Temecula isn’t the only destination for San Diego’s growth-minded institutions. Local banks and savings and loans have established footholds elsewhere in Riverside County and in Orange and Los Angeles counties.

Advertisement

Bank and S&L; executives said the northward migration is driven by the fact that San Diego County has relatively few locations left to support new branches. Still, local institutions have moved cautiously into neighboring counties. Executives said they have selected niche markets that should provide few surprises and a greater likelihood of success.

They have also built office staffs partly by hiring employees from out-of-county competitors rather than sending San Diego-based bankers into unfamiliar territory.

“That was the key for us opening in Riverside,” said First National Bank spokesman Ron Phillips, which opened a Riverside branch office last year. “We were able to bring on board experienced bankers who’d lived and worked in that market. Opening a branch is easier when you have that kind of” experience.

The county line proved to be no great hurdle for local institutions in Temecula, executives said. Its location near the county line on Interstate 15 makes it seem more of an extension of North County than a part of Riverside County, they said.
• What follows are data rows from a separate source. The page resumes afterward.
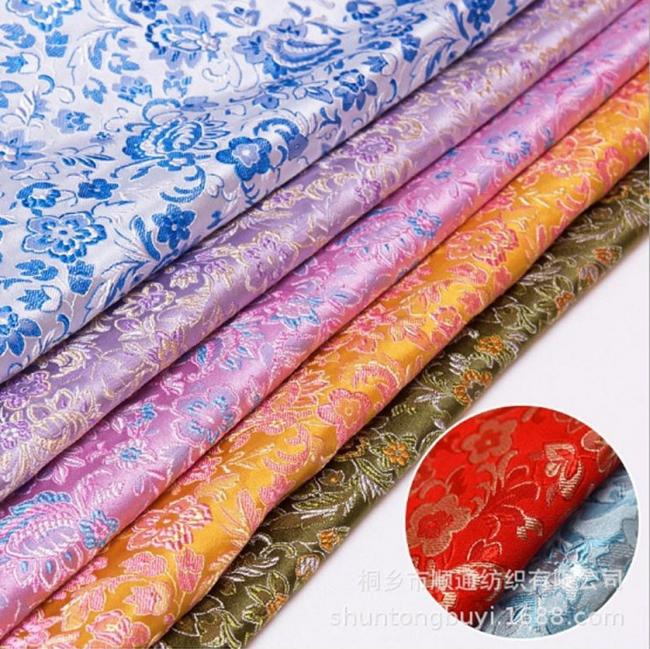 Дорогая и красивая ткань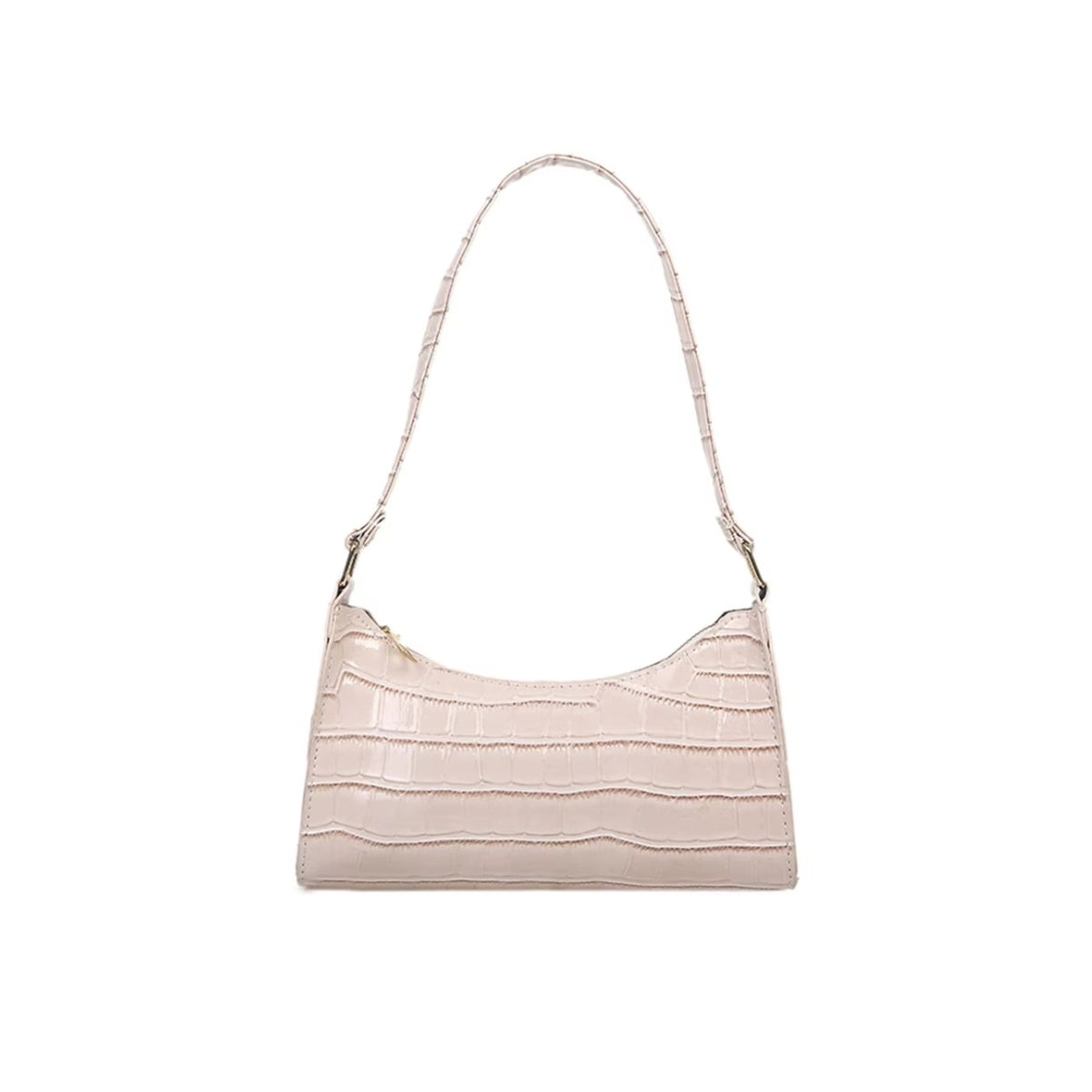 Nira Bag - Beige Leather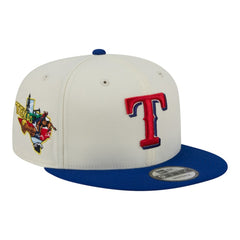 MLB Texas Rangers New Era Localized 9FIFTY Snapback Hat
North County Bank moved into Temecula because the area shared many traits with North County, said Mike Gilligan, the bank’s chief financial officer. “We’ve had a tremendous response from the people up there. It’s grown fast. . . . We already have $35 million in deposits.”

ENB Holding Co., which owns Escondido National Bank and San Marcos National Bank, has also enjoyed rapid growth in Temecula. Last year, ENB expanded into Temecula through the addition of an Escondido National branch. But in July, ENB won regulatory approval to open a new bank, Temecula Valley National Bank, which absorbed that operation. The new bank, with assets of $32 million, opened a branch office in nearby Murrieta in August.

Advertisement

Temecula is “working out well for us,” said Harvey J. Mitchell, president of ENB. “We’re in storefronts in both Temecula and Murrieta, but we’ve bought property in Temecula and we’re starting work on a 10,000-square-foot main office building.”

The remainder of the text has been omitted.